Au niveau de l’estomac, les glucocorticoïdes augmentent la sécrétion de pepsine et d’acide chlorhydrique, ils diminuent le renouvellement des cellules et la sécrétion de mucus protecteur : d’où les si fréquents ulcères de l’estomac.

Enfin, les glucocorticoïdes agissent au niveau du système limbique, stimulant le système inhibiteur de l’action (SIA) : ce SIA inhibe la production de TRH (thyreo releasing hormone) par l’hypothalamus. Cette inhibition provoque l’arrêt de la synthèse de TSH (thyreo stimulating hormone) par l’hypophyse, donc une quantité insuffisante d’hormone thyroïdienne.

 

Des expériences prouvent l’intervention des glucocorticoïdes :

Un animal est soumis à des agressions répétées. Ses cortico-surrénales s’hypertrophient (se développent exagérément) : Le corticols augmentant fortement après une opération, sa sécrétion est une réponse au stress. Les glandes surrénales, sollicitées souvent en cas d’agressions répétées, sécrètent beaucoup de cortisol et deviennent donc plus volumineuses.

Après un accident ou une opération, le taux de cortisol, hormone cortico-surrénalienne, augmente fortement. La sécrétion de cortisol post-opératoire est rapide chez l’homme, plus lente chez le rat. L’hypertrophie des surrénales n’intervient que sur le long terme : dans l’ensemble, on est en présence de réactions différées de nature hormonale, plus lentes que les réactions par voie nerveuse.

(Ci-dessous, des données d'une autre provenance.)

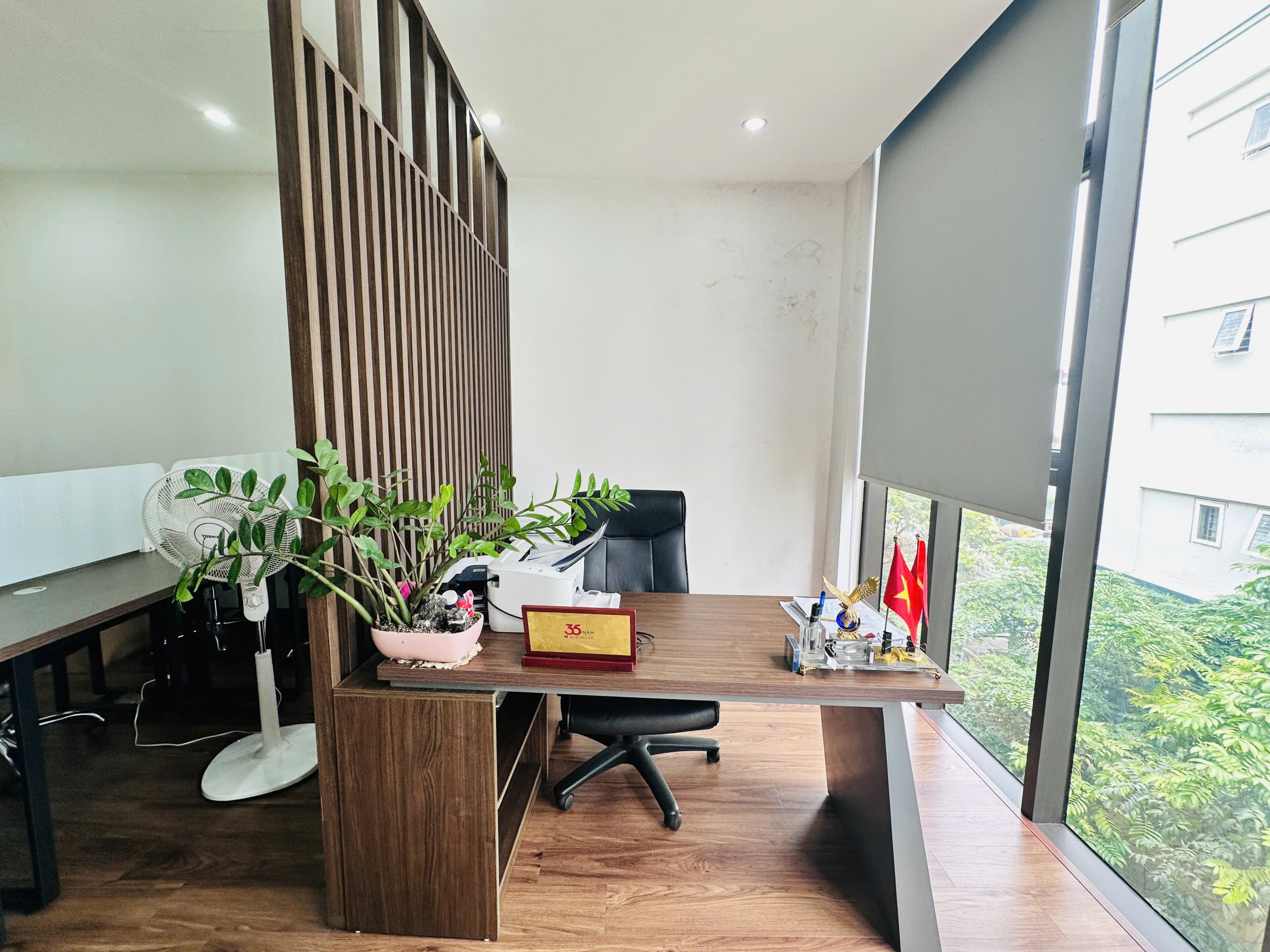 BÁN NHÀ LIỀN KỀ KĐT VẠN PHÚC – 75M² – 7 TẦNG THANG MÁY – HẦM GARA – MT 5M - KINH DOANH  - VP CỰC ĐẸP - NHỈNH 24 TỶ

Un animal privé de cortico-surrénales peut survivre si on lui administre des doses constantes de cortisol. Mais il meurt si on le soumet à un stress important. La mort de l’animal peut s’expliquer par l’impossibilité pour l’organisme, en l’absence de doses accrues de cortisol, de faire face à ses besoins s’il subit un stress. Le cortisol permettrait donc de mobiliser les ressources (réserves) de l’organisme.